With so much market talk about the Greek Debt Crisis, what exactly happened to cause such a huge impact on global markets?

A quick summary in my own opinion was that Greece being a developed country with a strong currency, they enjoyed a good credit rating, so they could borrow money cheaply (at low interest rates). However, the government over spent this cheap money and borrows more to repay the installment of the previous loans. So it seems like a ponzi scheme. Everything works fine until you are borrowing too much and get charge a higher interest rate on new loans. So, you have to borrow more to repay the higher interest, borrowing more means even higher interest rates and a vicious cycle starts.

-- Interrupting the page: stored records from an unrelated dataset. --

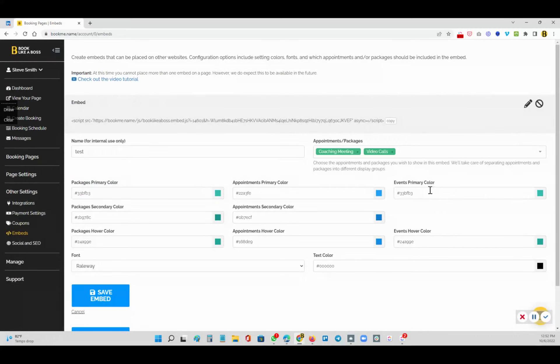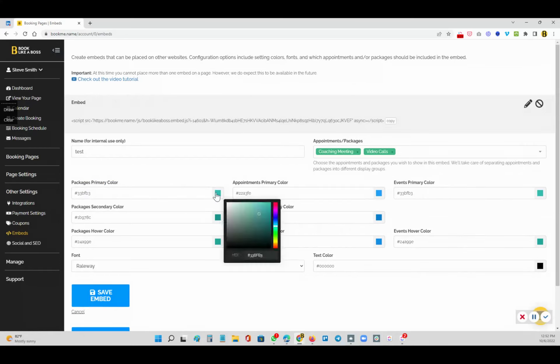And you'll see that you have the colors here. So you have the primary color, you have the event embed. And this is where you just change the colors. Just click on the color, and you can drag it around, or you can actually put in the actual hex code for the color you want to use.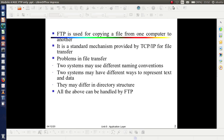FTP, or file transfer protocol, is used for copying a file from one computer to another remote computer. It is a standard mechanism provided by TCP/IP for file transfer. While transferring a file from one system to another, there may be some problems: the two systems may use different naming conventions, different representations of text and data, and different directory structures. All these problems can be handled by FTP.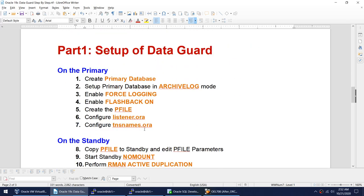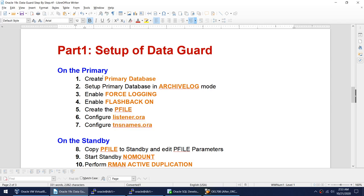To set up Data Guard, if you don't have a primary database, create one. The primary database will likely be in no archive log mode, so convert it into archive log mode, because Data Guard requires it. You must enable force logging to guarantee all changes are captured in redo log files. Enable flashback — this is mandatory for Fast Start Failover and for Max Availability or Max Protection modes. Then create the P-file, configure entries in the listener, and configure entries for primary and standby in tnsnames.ora.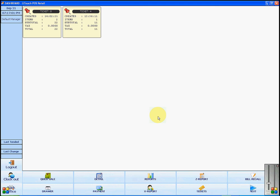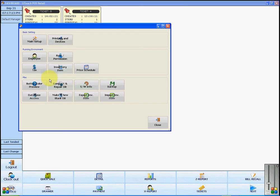With the uTouch POS retail software, setting up printers and devices is an easy task. If you go into the back office, located at the bottom left of the main screen, and then click on printers and devices,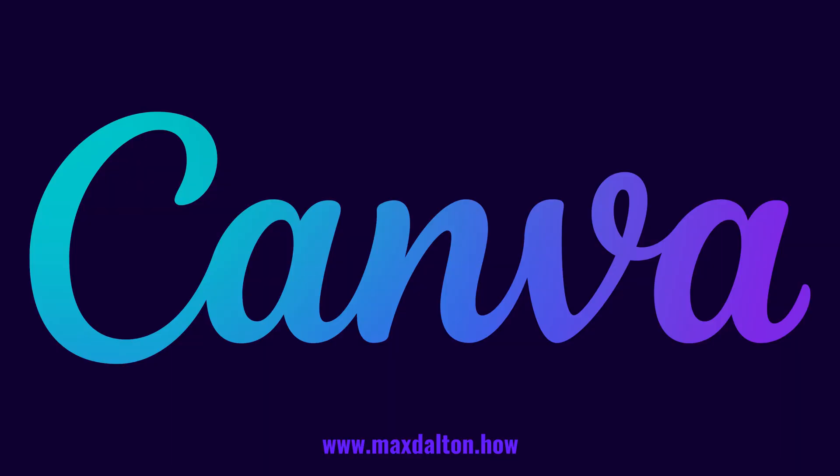Let me know if this video helped you out in the comments below. If you liked what you saw here, click the video links on the right side of the screen to check out another video, or click the logo on the left side of the screen to check out my tutorial website at www.maxdalton.how.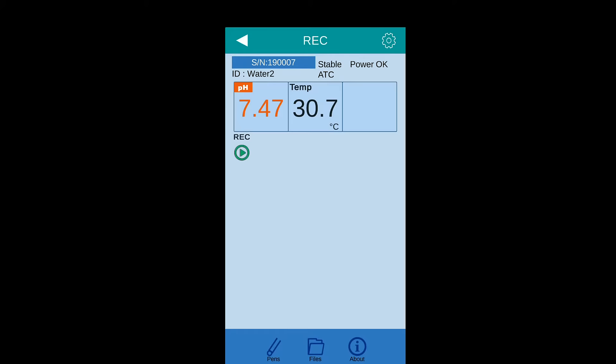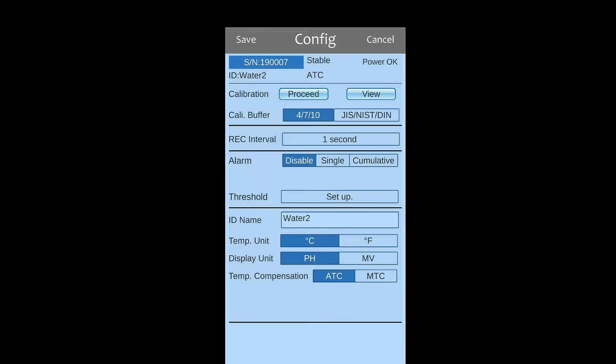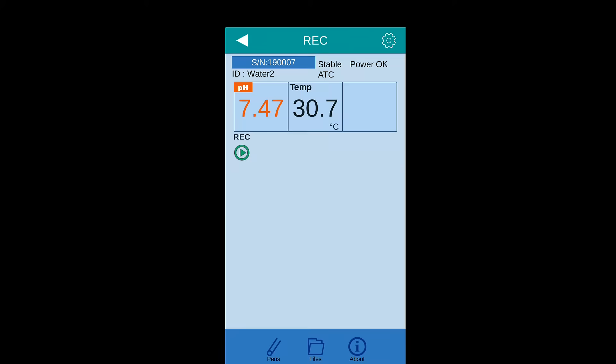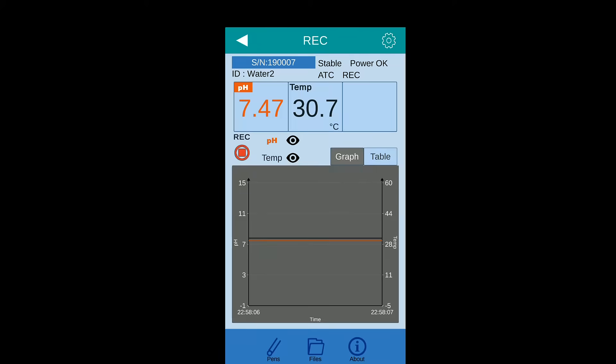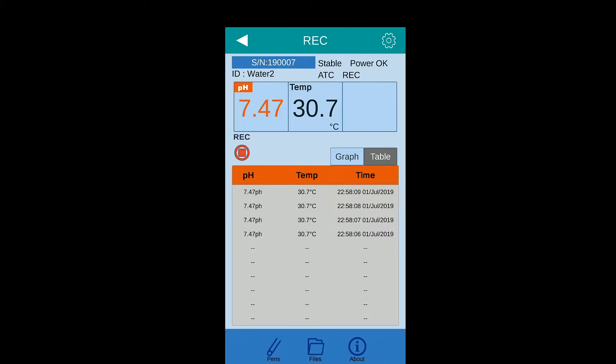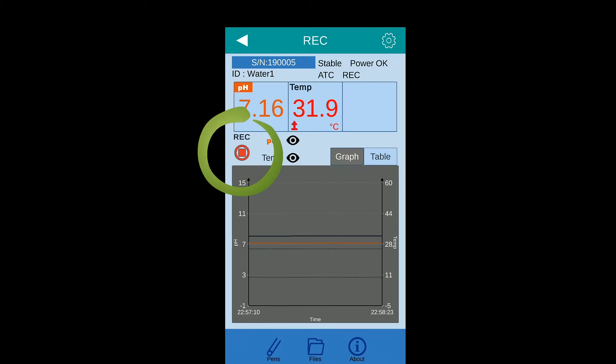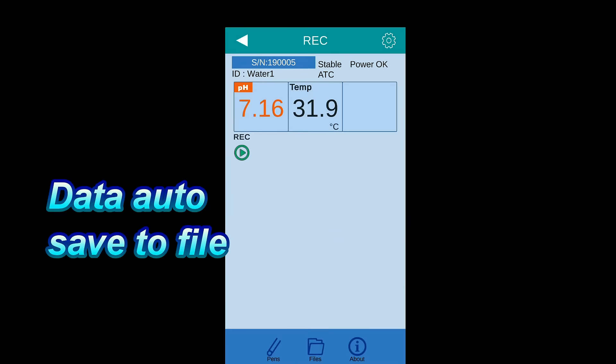While having multiple PH pens, you may repeat above to set up recording one by one. Press stop icon to finish recording. App will save the recorded data automatically.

Imagine borrowing from another loan shark an even bigger loan that charges a higher interest rate to repay an earlier loan taken up with a loan shark and carry on doing it.


The solution now is: A) go into default, but the repercussions are people will lose confidence in other developed countries, especially in the European Union (EU) and they can no longer borrow cheaply. B) derive real income to pay back instead on relying to borrow more (increase taxes, cut government spending, etc). C) be allowed to borrow more at low interest rates to carry on the scheme, but eventually reverts back to option A or B.

Well, so far, EU is approving option C while hoping and delaying for option B to be the end state. But option B is unpopular with the citizens in Greece.

It sounds like a disaster and probably why most financial experts advise that debt is a bad thing and you should hate it. But should that be the case.

Comparing with other developed countries who could manage their budgets better, the cheap financing allowed their governments to build more infrastructure, improve the standard of living and enhanced the country economy. Resulting in the rich getting richer, it all boils down to balancing the budget and achieving a rate of return higher than the loan interest rates.

Similar to the biggest loan most of us will ever take up, our mortgage loan. There is good debt and there is bad debt, it is a double edged sword. Bad debt is over leveraging, buying a property that results in loaning excessively, where day to day expenses are compromised to service the loan. A good debt gives a healthy cash flow where one can enjoy a better standard of living.

Do not fear and hate debt, manage it. Although it can be your enemy, it can also be your friend. To manage your mortgage debt, you can refer to my earlier post.
http://anifaview.blogspot.com/2011/06/to-pay-or-not-to-pay.html

9 comments:

Anonymous July 22, 2011 at 4:20 PM  

Hi,
Debt is never good even if your present cash flow can service it. But if you have no choice but to take a mortgage for your only dwelling, you still have to be prepared when your cash flow get blocked, you have stand-by assets to convert in time to cover for servicing the debt temporarily, till your cash flow is flowing smoothly again.
Or else be prepared to declare insolvency, (bankrupt).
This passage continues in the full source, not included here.